By implementing these key takeaways, digital marketers can enhance their strategies and drive better results in their campaigns.
Shannon McCracken: – Many non-profit organizations rely on their direct marketing and more to the point their donors who give through direct marketing channels. So direct marketing is important to non-profits because of the amount of revenue that comes in, because of the unrestricted nature of that revenue. So there’s always some sort of economic roller coaster and direct marketing has some predictability even through that. Social media is a great place to find new audiences and start to talk about, educate on the mission, on the work that you’re doing as well as your brand.
Shelly Singh: – Hello and welcome to The Growth Genius Series brought to you by DMAAsia and Infidigit. My name is Shelly and I’m the host of this series. Today our guest speaker is Shannon McCracken. Shannon is founding CEO of the non-profit Alliance, an association that was launched in 2018 with unprecedented support to promote, protect and strengthen the non-profit sector. She was named to The Nonprofit Times Power and Influence top 50 in 2022. Prior to her role with TNPA, Shannon spent two years as Charity Navigator’s Chief development officer facilitating communication with non-profit organizations and dramatically increasing resources to ensure successful implementation of a new strategic plan. She now serves on Charity Navigator’s board of directors, Shannon also served as a DMA Nonprofit Federation Advisory Council chair and chair of the Ethics Committee. Welcome, Shannon.
Shannon: – Thank you, Shelly, it’s a pleasure to be here.
Shelly: – So Shannon, please tell us little about your professional journey and how you started with the non-profit industry, how did you develop your interest in this?

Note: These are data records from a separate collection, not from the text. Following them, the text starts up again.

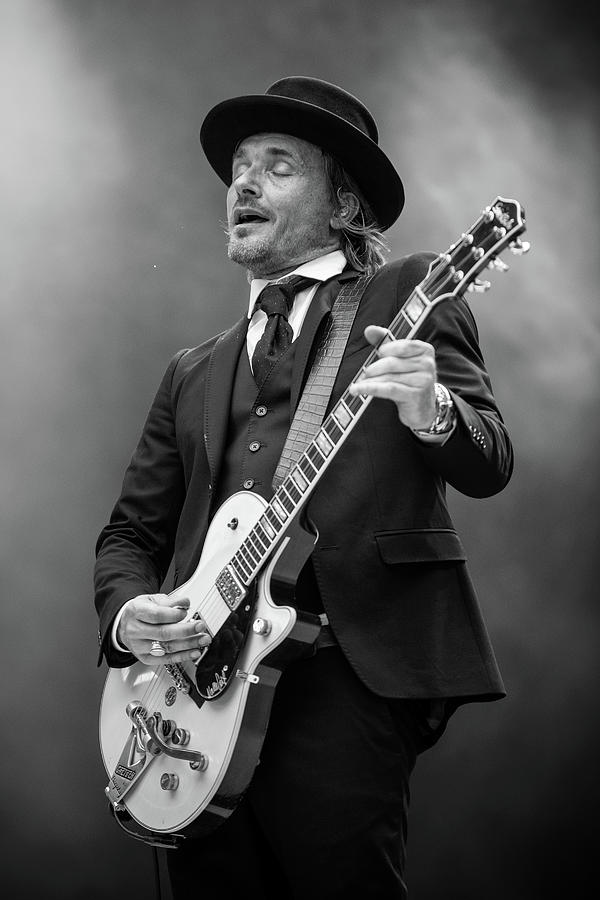 Acdc And Vintage Trouble Perform At #1 Photograph by Neil Lupin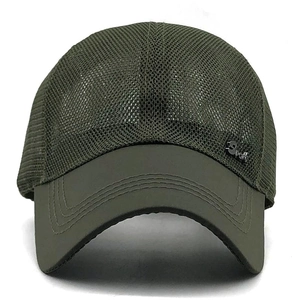 Gros plan sur la casquette de baseball en mesh vert armée avec logo Sport en métal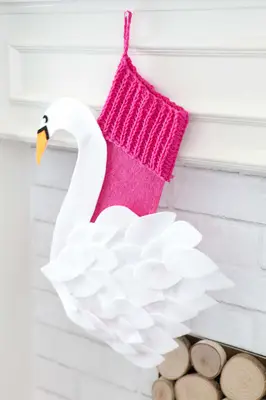 Make Your Own Swan Stocking
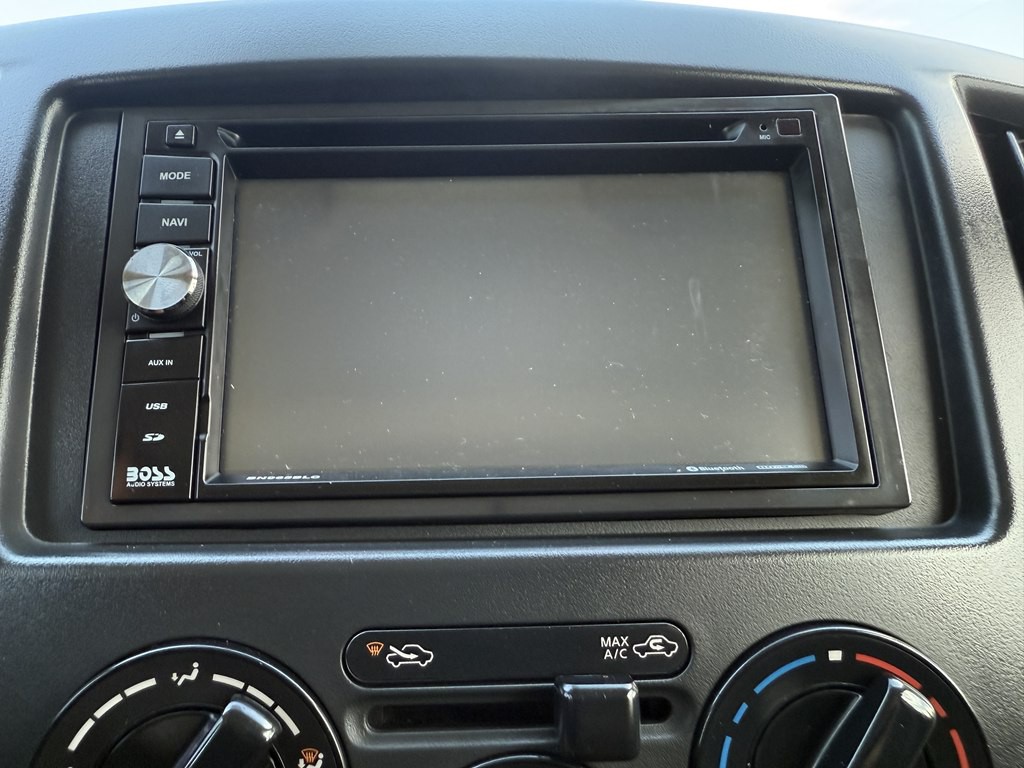 2015 Chevrolet Express Image 31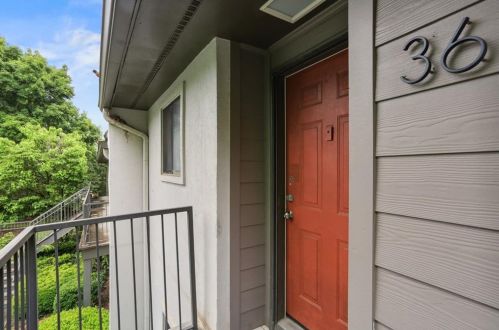 36 Finch Trl, Atlanta GA  30308-2419 exterior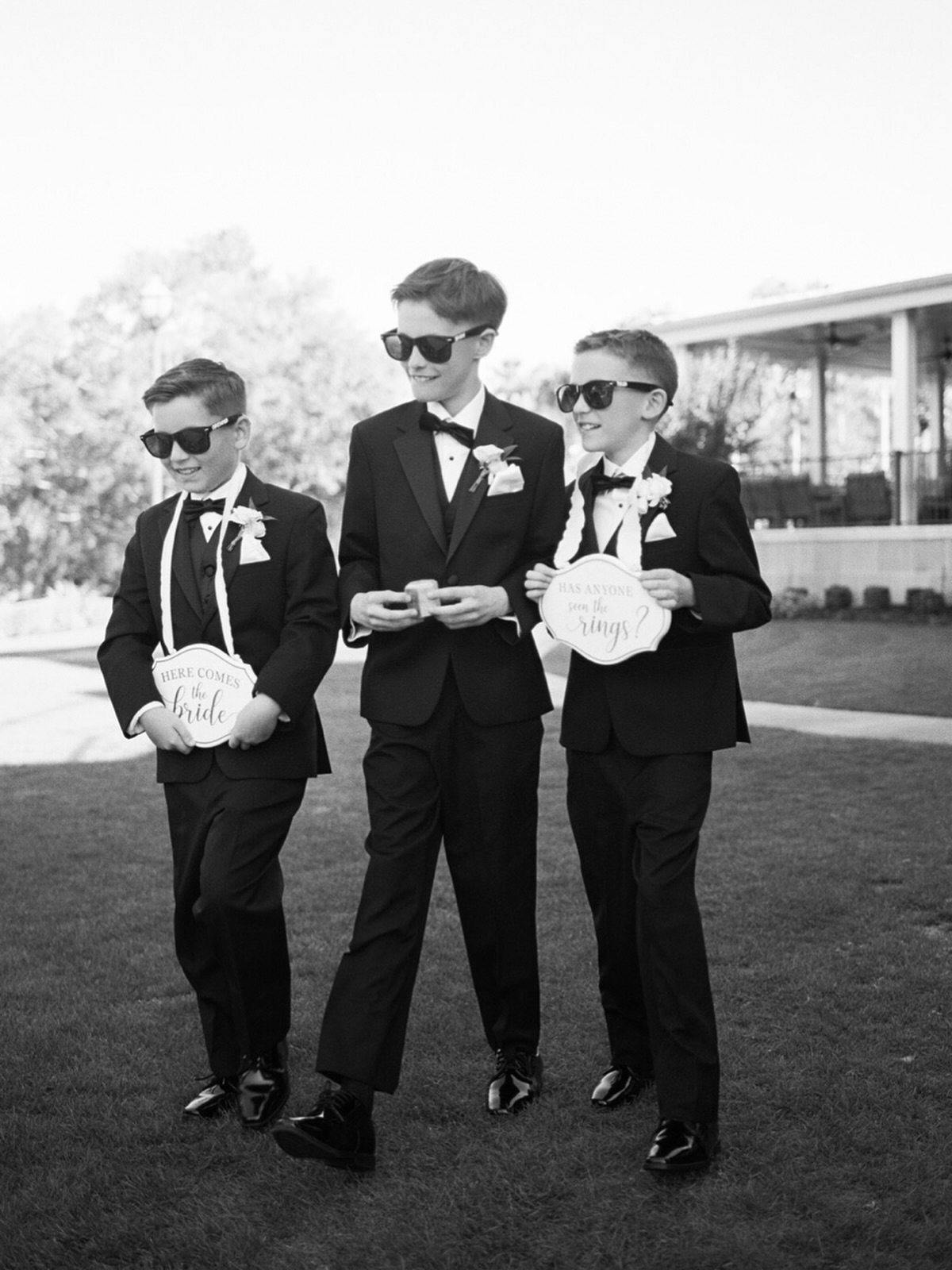 The ring crew 💍
.
.
.
.
Venue/ Food / Bar: @lwrgccweddings
Planner: @bbweddingsevents @wedandevents_anna_dunn
Photo @everencephotography
DJ @ourdjrocks
Florals: @marynellchadsey_floraldesign
Video: @martinmediaproduction
Rentals: @palaciosevents
Cake: @publix
.
.
.
#bbweddings #weddings #sarasota #sarasotaweddingplanner #sashibaez #lwrgccweddings #lwrweddings #annadunn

Shannon: – Absolutely. Well you covered a lot of my resume journey, I will say the way I started with the non-profit sector was really coming out of college and wanting to do something in the advertising world. I mean that was really my interest when I was 22-years-old and I was really fortunate in my first role to be not quite an advertising and direct marketing which I didn’t know a lot about and working for non-profit clients and just the bug bit me and I loved what I was doing, I loved the data component of it, blended with the creativity, it just really both sides of my brain were challenged and this added bonus, right, of working in the non-profit and the social impact space. And so my second job was actually within the Special Olympics, within a large non-profit organization and I thought I would stay there for a couple years and learn the ropes and I stayed for 17 years. And it was because of the challenging work that we were doing that constantly changed and we kept raising the bar for ourselves and what we were looking to accomplish. I worked with really wonderful people and then the mission itself. So when it was time to move on from that, as you said I was looking for something that was a little bit more kind of ten thousand foot level for the sector and how I could think about the health and sustainability of the sector overall and so that landed me really fantastic opportunity with the Charity Navigator for a couple years and then I was invited to come in and help launch this new Association for Non-Profit Organizations and Companies that work with nonprofits and so it’s just been a really unplanned but like rolled out beautifully sort of journey.
Shelly: – Yeah. Thanks for sharing. So direct marketing has always been a substantial part of non-profit fundraising raising programs. We hear much more about large gift donors’, foundations, events and corporate support. In the digital age, how important is direct marketing to nonprofits?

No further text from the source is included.